[[ Source data open ]]
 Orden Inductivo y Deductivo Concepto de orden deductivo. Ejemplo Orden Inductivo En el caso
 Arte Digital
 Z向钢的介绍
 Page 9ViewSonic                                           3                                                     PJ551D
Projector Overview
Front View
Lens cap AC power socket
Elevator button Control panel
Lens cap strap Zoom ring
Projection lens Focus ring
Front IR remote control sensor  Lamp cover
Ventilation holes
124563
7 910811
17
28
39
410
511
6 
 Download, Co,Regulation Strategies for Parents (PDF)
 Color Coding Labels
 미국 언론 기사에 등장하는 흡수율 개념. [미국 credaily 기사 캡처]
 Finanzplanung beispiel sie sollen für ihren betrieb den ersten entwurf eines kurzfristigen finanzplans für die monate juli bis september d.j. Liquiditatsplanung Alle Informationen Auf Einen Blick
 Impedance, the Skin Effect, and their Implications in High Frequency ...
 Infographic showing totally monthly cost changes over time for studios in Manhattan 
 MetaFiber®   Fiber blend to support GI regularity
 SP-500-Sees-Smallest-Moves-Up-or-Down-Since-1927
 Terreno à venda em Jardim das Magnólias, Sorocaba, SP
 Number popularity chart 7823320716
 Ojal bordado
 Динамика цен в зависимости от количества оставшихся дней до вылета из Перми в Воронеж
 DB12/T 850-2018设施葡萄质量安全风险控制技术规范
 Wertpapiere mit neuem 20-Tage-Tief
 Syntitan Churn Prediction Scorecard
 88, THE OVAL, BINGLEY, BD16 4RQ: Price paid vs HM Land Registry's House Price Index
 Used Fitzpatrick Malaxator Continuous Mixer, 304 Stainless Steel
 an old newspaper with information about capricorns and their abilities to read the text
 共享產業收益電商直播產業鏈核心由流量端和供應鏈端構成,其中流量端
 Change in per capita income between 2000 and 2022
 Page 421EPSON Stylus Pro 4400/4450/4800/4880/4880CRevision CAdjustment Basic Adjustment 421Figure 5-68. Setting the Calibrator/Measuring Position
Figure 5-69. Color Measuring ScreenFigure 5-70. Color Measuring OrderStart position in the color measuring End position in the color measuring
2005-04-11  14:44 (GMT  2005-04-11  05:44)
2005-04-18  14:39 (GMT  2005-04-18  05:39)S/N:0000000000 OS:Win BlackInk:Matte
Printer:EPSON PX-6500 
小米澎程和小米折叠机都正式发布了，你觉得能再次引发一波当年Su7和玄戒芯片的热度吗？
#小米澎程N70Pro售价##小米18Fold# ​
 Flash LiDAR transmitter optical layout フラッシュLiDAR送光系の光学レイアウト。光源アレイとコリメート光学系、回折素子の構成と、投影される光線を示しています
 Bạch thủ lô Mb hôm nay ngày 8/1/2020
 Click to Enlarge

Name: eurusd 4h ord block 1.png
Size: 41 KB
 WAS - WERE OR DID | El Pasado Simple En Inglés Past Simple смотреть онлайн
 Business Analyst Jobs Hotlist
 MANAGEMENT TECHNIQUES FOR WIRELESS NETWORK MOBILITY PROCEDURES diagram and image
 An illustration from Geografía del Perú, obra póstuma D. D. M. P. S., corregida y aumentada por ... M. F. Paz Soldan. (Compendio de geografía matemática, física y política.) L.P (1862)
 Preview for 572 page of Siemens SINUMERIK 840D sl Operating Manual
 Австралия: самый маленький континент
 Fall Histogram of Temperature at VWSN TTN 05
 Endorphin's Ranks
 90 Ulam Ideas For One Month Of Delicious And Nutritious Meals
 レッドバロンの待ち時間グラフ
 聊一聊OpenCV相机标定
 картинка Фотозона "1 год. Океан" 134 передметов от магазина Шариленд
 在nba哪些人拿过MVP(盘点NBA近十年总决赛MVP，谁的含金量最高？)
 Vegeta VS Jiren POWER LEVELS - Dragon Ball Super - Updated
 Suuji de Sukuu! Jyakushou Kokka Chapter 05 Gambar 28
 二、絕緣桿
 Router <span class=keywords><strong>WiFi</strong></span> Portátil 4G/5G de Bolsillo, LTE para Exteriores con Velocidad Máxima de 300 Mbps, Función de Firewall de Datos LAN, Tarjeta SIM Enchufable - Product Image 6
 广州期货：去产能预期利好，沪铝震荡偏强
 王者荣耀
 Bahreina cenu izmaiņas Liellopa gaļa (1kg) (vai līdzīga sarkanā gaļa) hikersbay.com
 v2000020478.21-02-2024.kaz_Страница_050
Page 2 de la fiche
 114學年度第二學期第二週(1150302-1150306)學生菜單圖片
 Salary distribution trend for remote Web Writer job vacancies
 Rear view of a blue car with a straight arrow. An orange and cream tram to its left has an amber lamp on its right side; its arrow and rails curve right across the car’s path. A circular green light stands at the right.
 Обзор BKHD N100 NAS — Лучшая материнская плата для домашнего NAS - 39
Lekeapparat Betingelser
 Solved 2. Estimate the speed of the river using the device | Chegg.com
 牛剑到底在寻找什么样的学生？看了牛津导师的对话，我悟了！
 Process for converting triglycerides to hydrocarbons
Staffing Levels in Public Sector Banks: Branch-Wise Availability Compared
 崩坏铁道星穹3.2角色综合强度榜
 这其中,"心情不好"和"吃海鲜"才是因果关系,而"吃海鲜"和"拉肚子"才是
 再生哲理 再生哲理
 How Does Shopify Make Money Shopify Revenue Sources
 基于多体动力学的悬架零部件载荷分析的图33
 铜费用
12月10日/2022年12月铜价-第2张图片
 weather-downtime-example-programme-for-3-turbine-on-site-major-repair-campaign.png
[[ Source data closed ]]
* [Your goal] If a line above contains the word "remote", list it.

* [Completed task]
Front IR remote control sensor  Lamp cover
 Salary distribution trend for remote Web Writer job vacancies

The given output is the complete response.